Snakeheads have worm-under machines. I think he did the right thing.

Thanks, Paul.

I had previously reamed out the original holes to fit the later post spacing required to accommodate the Schallers I was fitting to replace the originals. In my opinion, no gears in this 'modern' (from around late 1924) configuration of 'worm over gear' can 

a) look right on a '20s snakehead, or

b) work right when reversed. They turn backwards. 

They are also too heavy for the balance of the instrument. The new 'vintage replacement' are the almost perfect weight and almost perfect fit (- see the original wiggle end marks in the wood).

Paul, I recognize and appreciate that you have much greater experience than I do and normally I'd bow to that but the pictures Paul S. posted shows screw holes in the backs of the head above the existing machine plate which seem to indicate that there were tuners on it that were mounted the other way around at some point.  Beside that, my snakehead is the other way around and it hasn't been modified.  I don't know how to reconcile what you are saying with that I see.

I'm editing this to say that a quick search on the internet netted me pictures of snakeheads with tuners mounted both ways. I found three on the Elderly site with tuners mounted like mine. All have the (cheap) square steel plate and steel gears. 

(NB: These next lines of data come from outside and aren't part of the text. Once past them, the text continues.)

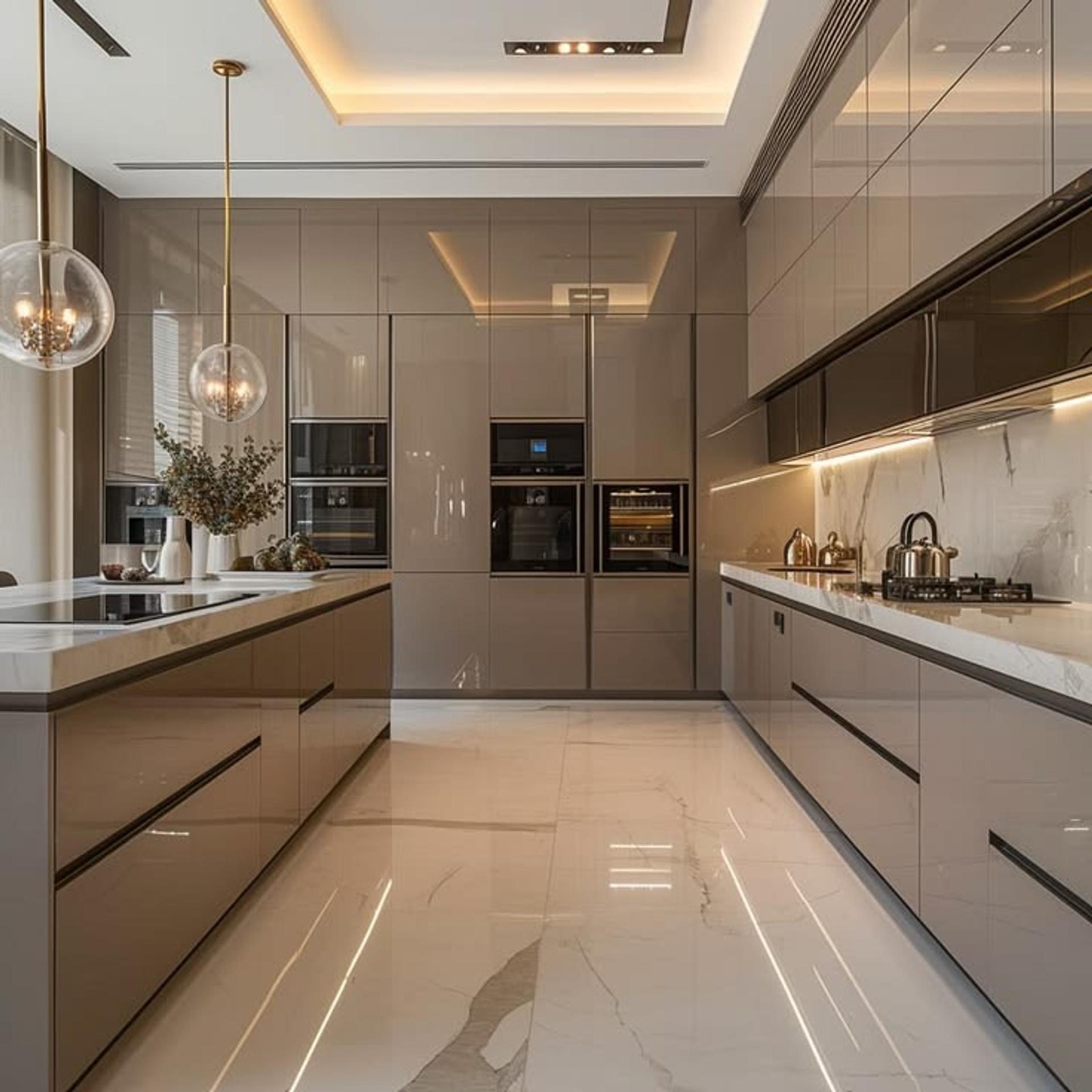 Luxury Interior Designers in NCC Urban Gardenia Hyderabad, apartment interior in Hyderabad by Simplify Home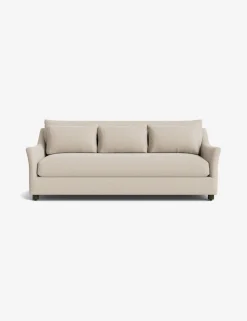 Niven Sleeper Sofa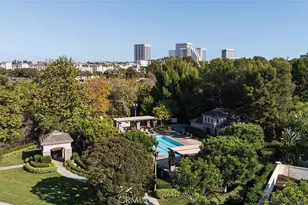 1415 Sea Ridge Dr, Newport Beach, CA 92660 - Photo 41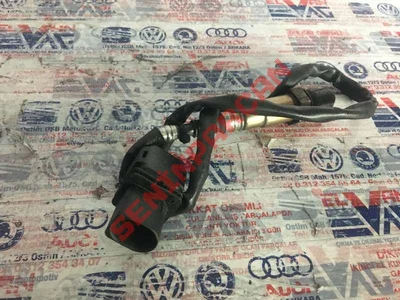 03L906262B - LAMBDA SENSOR - Used Original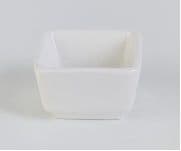 Cazuela cuadrada 6x6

I understand that Gibson has been known to mix up thing a bit on productions runs. Some of these instruments have no script on the head, some have it at an angle and some have it squared up on the head. I suggest that perhaps Gibson sometime mounted the tuners with the peg up and sometimes down. If that is the case Paul can still switch the heads around which should help his tuning problem and still be original.